Entries provided.
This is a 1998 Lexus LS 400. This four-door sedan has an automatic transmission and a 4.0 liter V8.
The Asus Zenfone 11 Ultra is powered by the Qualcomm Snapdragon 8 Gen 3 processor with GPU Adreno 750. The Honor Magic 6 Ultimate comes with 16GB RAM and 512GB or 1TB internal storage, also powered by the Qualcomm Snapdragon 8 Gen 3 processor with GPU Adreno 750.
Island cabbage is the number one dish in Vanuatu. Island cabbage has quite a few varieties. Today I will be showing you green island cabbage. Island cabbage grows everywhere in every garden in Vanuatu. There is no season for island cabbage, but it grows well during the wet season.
* * *
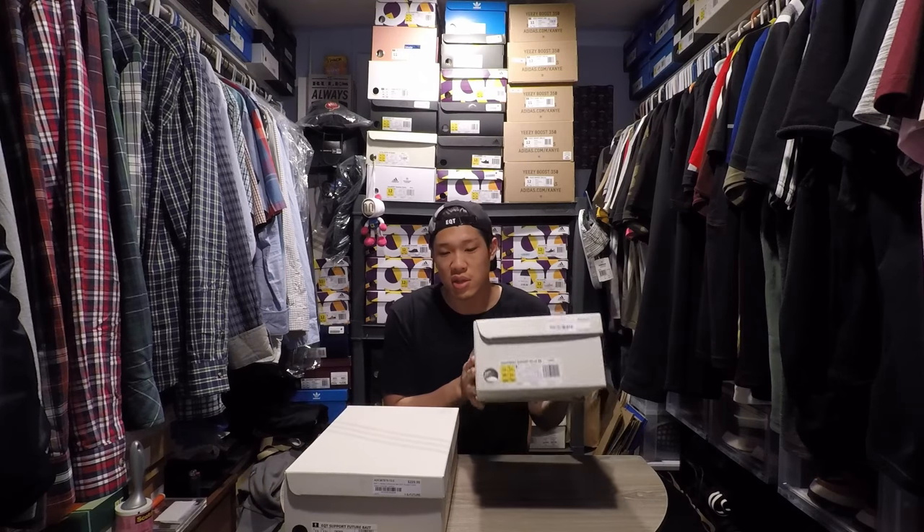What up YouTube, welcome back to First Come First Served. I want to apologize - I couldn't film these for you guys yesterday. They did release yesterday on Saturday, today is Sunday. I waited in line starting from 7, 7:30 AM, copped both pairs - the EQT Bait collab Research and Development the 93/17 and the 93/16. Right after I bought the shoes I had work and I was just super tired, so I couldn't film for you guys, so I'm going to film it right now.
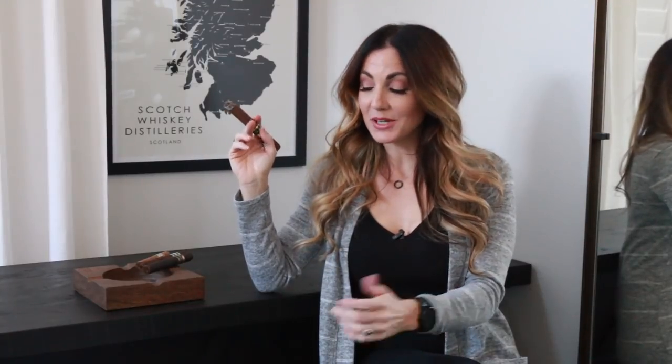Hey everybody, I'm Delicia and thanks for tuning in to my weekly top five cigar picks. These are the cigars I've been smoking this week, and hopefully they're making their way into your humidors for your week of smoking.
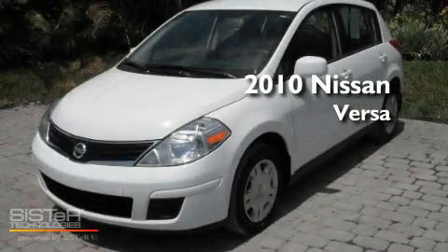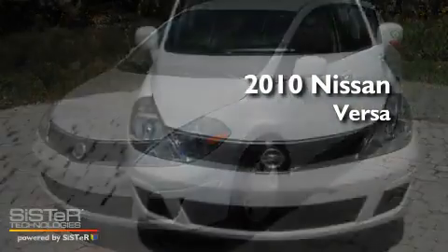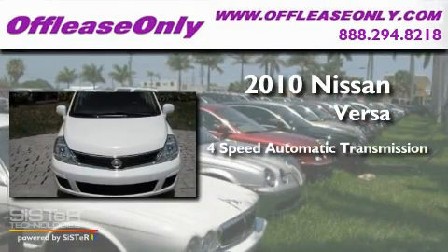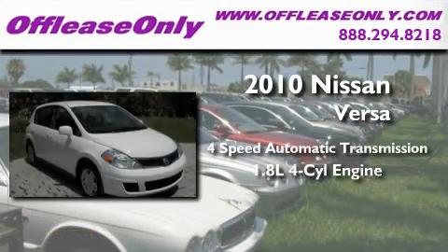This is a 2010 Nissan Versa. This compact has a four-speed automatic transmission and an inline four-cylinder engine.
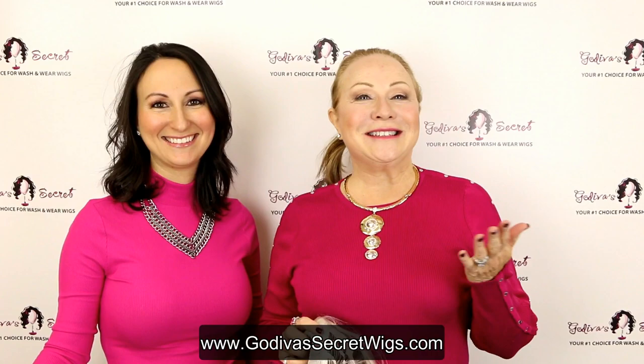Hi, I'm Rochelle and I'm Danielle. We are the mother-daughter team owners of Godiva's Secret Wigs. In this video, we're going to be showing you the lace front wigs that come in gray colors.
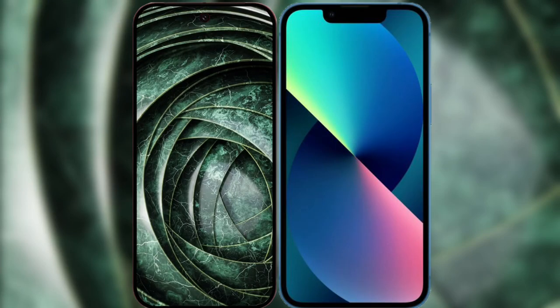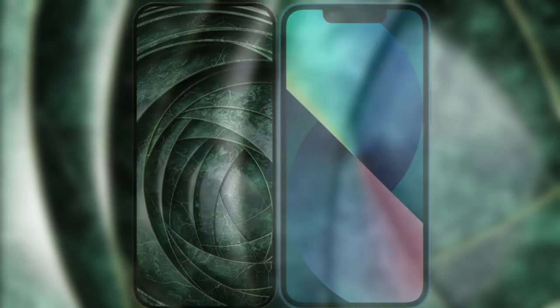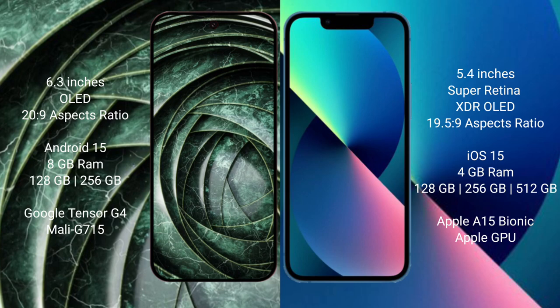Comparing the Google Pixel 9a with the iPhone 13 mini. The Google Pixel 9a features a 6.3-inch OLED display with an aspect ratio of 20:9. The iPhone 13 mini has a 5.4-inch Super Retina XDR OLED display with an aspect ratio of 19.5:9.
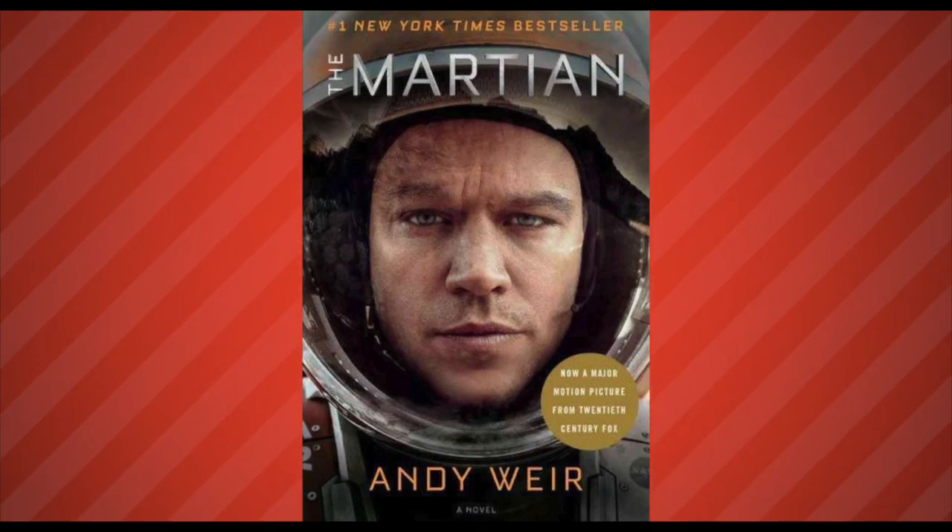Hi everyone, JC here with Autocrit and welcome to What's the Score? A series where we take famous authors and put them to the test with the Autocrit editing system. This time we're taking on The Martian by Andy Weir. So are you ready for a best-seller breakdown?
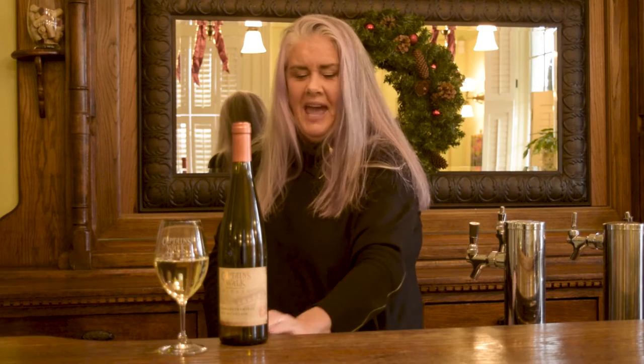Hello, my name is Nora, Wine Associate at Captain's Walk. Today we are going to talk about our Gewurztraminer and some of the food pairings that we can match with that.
...
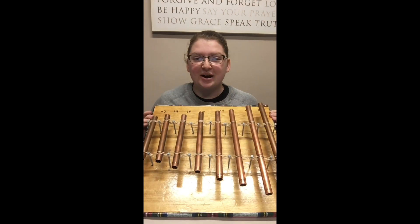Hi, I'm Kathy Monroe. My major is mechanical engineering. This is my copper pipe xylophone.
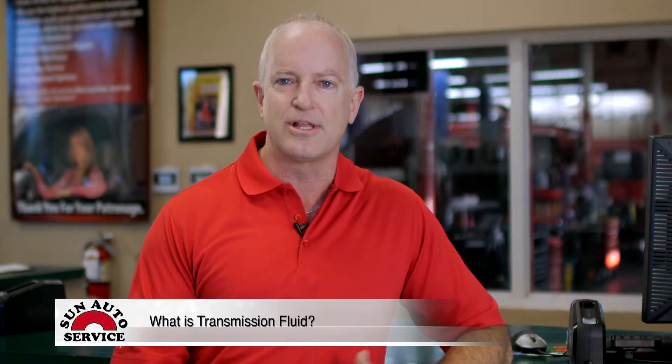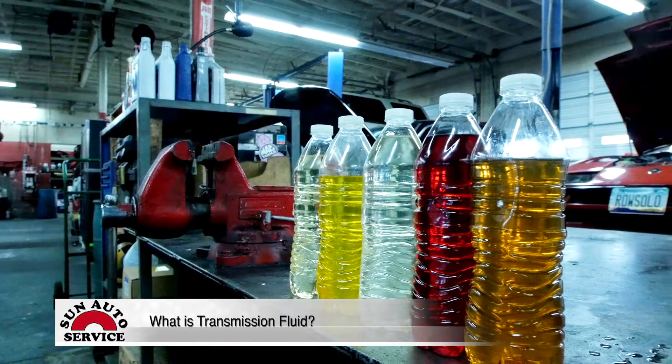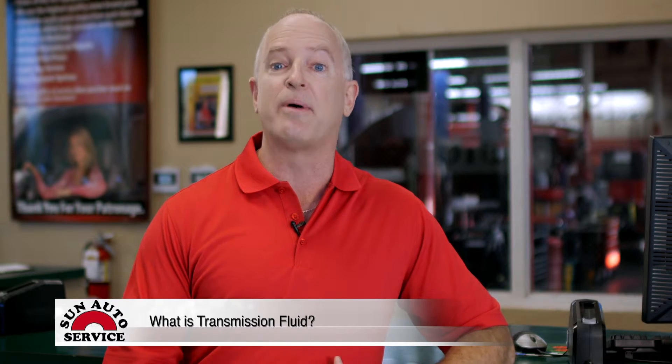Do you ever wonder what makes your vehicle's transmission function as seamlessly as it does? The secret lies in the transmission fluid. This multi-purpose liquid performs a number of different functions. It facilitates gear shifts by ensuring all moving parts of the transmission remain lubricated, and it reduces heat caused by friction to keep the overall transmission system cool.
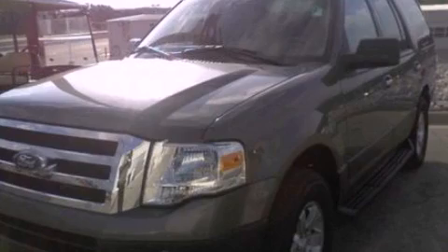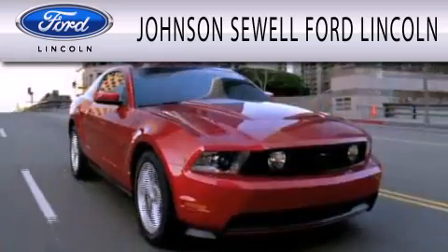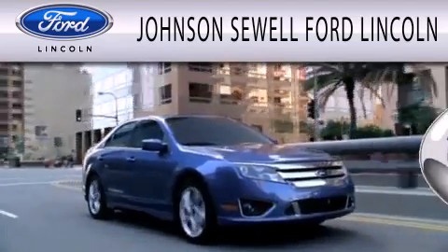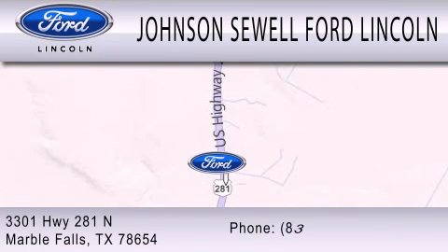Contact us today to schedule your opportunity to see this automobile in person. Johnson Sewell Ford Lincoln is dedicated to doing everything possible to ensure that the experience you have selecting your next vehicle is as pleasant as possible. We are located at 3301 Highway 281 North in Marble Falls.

Task details.
Go to the line above holding "This is a 2010", then copy exactly each line down to and including the one holding "Hello, my name", leaving pictures out.

Output of the exercise.
This is a 2010 Nissan Versa. This compact has a four-speed automatic transmission and an inline four-cylinder engine.
Hi, I'm Rochelle and I'm Danielle. We are the mother-daughter team owners of Godiva's Secret Wigs. In this video, we're going to be showing you the lace front wigs that come in gray colors.
Comparing the Google Pixel 9a with the iPhone 13 mini. The Google Pixel 9a features a 6.3-inch OLED display with an aspect ratio of 20:9. The iPhone 13 mini has a 5.4-inch Super Retina XDR OLED display with an aspect ratio of 19.5:9.
Hi everyone, JC here with Autocrit and welcome to What's the Score? A series where we take famous authors and put them to the test with the Autocrit editing system. This time we're taking on The Martian by Andy Weir. So are you ready for a best-seller breakdown?
Hello, my name is Nora, Wine Associate at Captain's Walk. Today we are going to talk about our Gewurztraminer and some of the food pairings that we can match with that.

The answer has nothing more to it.